The only new piece of information as a result of Nancy’s questioning, and had
me holding my breath for an answer, was the whereabouts of my father. However,
Rebecca hadn’t revealed that information. She’d informed Nancy that the father
had no idea he was a father and she didn’t want to surprise him with it during
an interview. She did say she was taking steps to find and notify him…a little
late in my book.

      At the end of the interview she’d made another tearful plea that
I would reach out and meet her.

     Surprisingly, everybody seemed to be full of sympathy for the
woman. They did criticize her for abandoning me in a bathroom, but then in the
next breath they would say that at least she’d left me in a place where someone
was sure to find me.

     Most of the negative comments seemed reserved for Rebecca’s
parents; for not realizing that their daughter was pregnant, and their supposed
strictness. They weren’t talking to refute any of it so the journalists went to
town on judging and convicting them.

     I still had no idea what to think, but I did know the small seed
that had been planted when the woman first made her announcement was
germinating like crazy inside me. In fact, it was near sprouting out of my
skin. There was no way I was going to be able to not meet her.

     I wasn’t oblivious to the truth that my jumpy nerves were a result
of a little bit of hope…and I may have been lying to myself when I depicted as
a little bit.
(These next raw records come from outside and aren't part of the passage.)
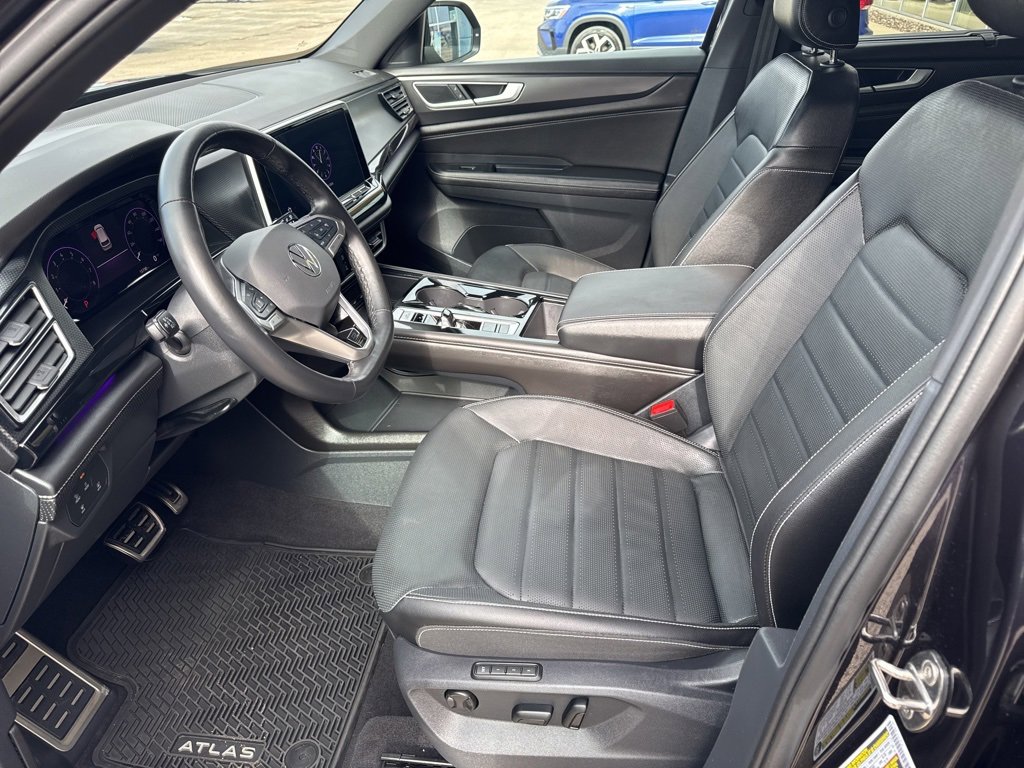 Certified 2025 Volkswagen Atlas Cross Sport SEL R-Line image 14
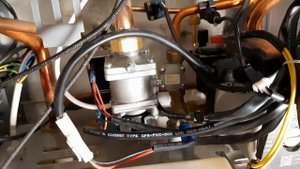 Ремонт (реле) датчика протока воды двухконтурного газового котла.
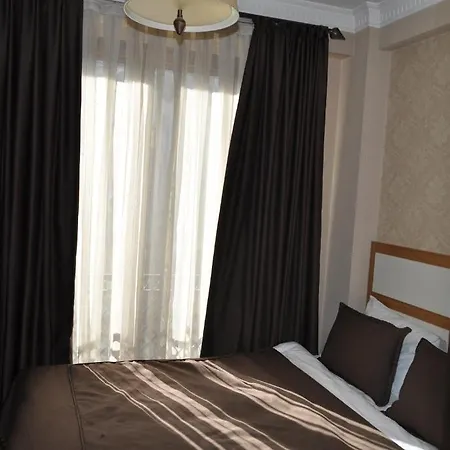 Gozde Otel 2*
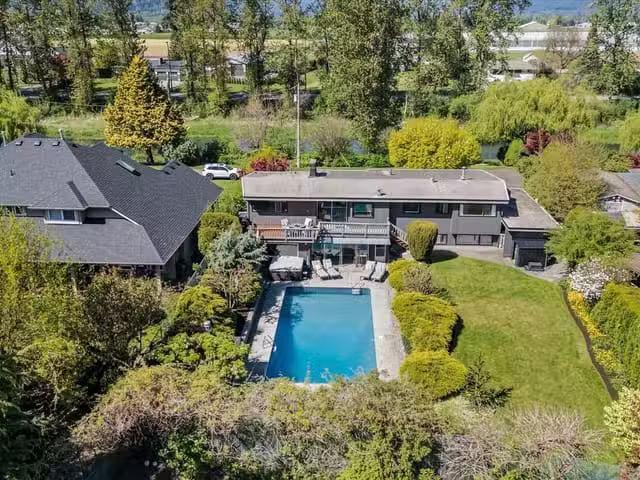 House for sale in Chilliwack, Chilliwack, 46950 Crabtree Lane.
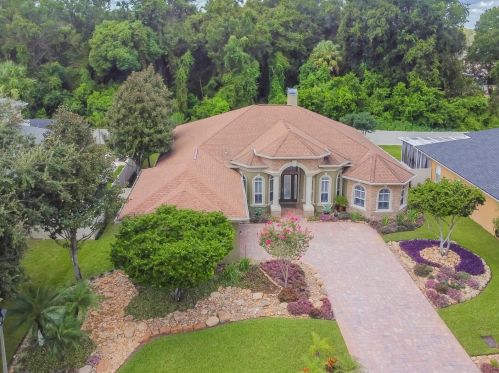 1827 Crooked Oak Ln, Lutz FL  33559-7407 exterior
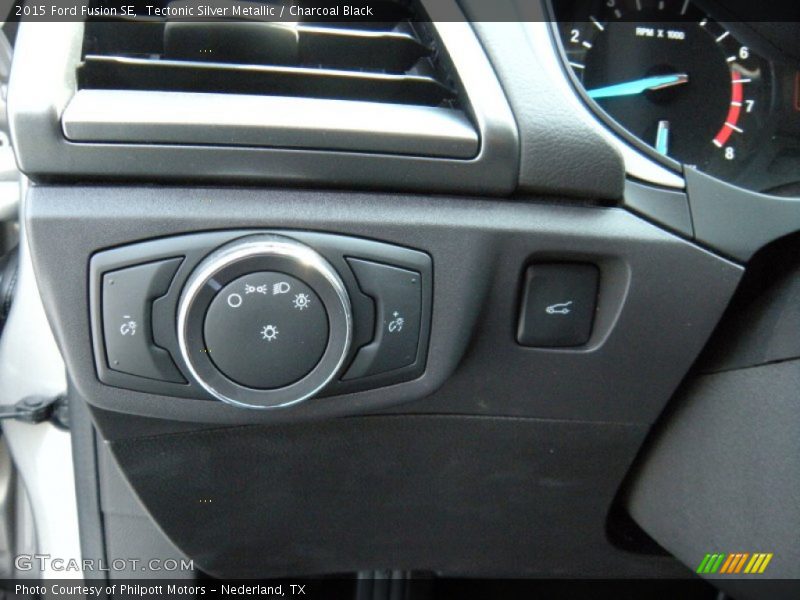 Tectonic Silver Metallic / Charcoal Black 2015 Ford Fusion SE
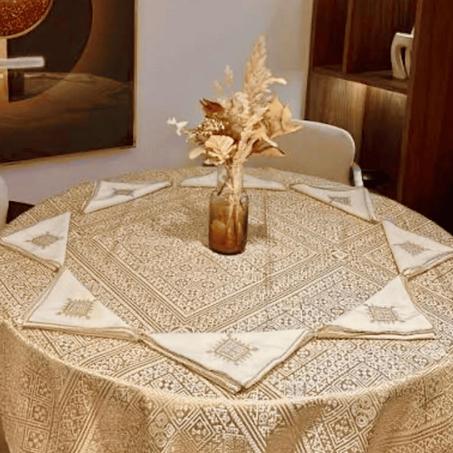 مفرش مائدة  مطرّز بالصم الحر مع  8  مناديل أنيقة مطرّزة - Nappe brodée.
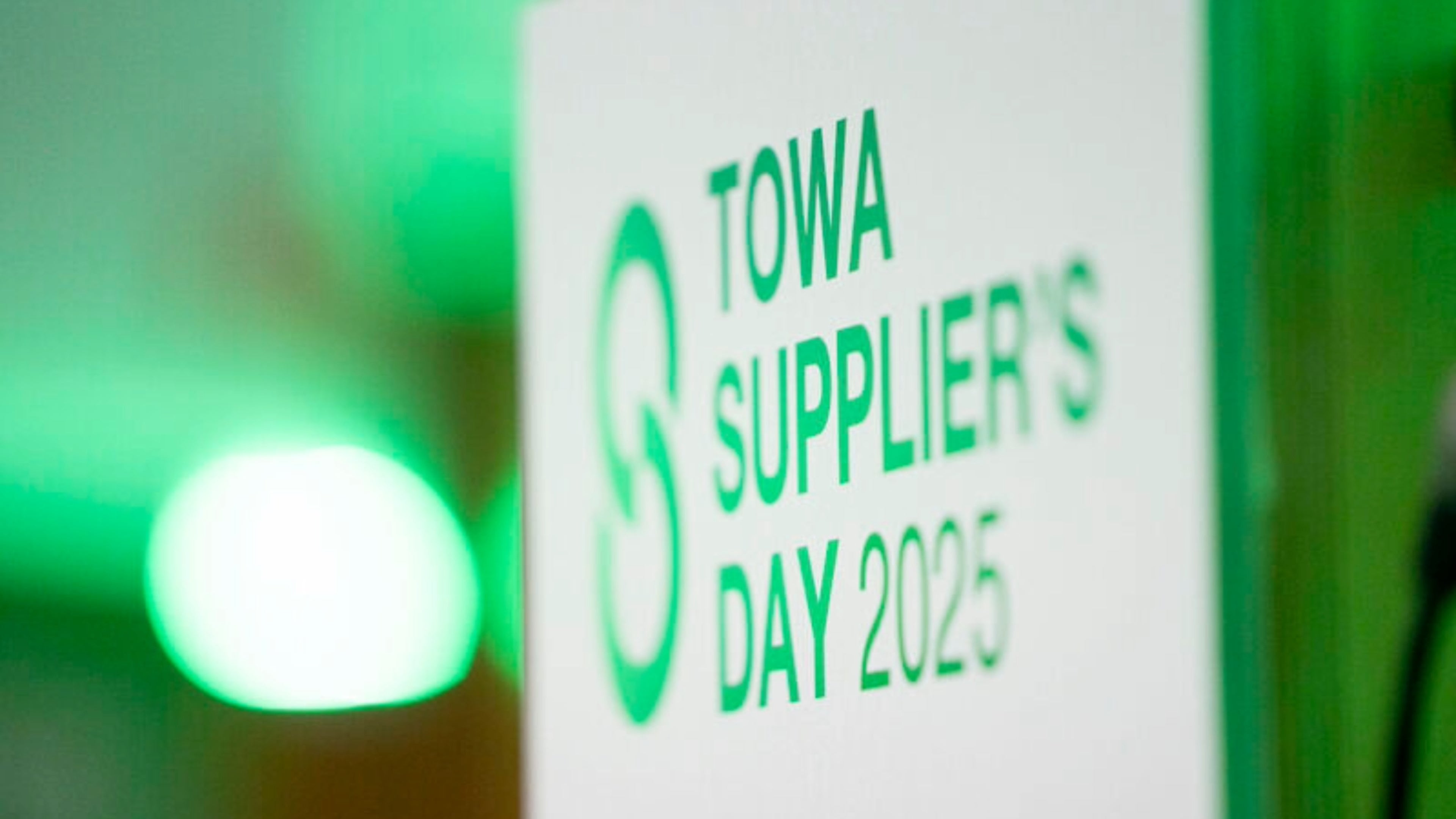 placa com o logotipo verde da Towa suppliers day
I was trying to not let my expectations get the best of me, but
the idea that I might finally have a mother, my actual real mother, coming to
claim me…it was like all my childhood dreams coming true; my mother and father
coming to pluck me out of whatever foster home I was in at the time, giving me
hugs and kisses, telling me how sorry they were for not finding me sooner, and
saying that they never meant to give me up in the first place.

     It wasn’t like my dreams, but something was better than nothing.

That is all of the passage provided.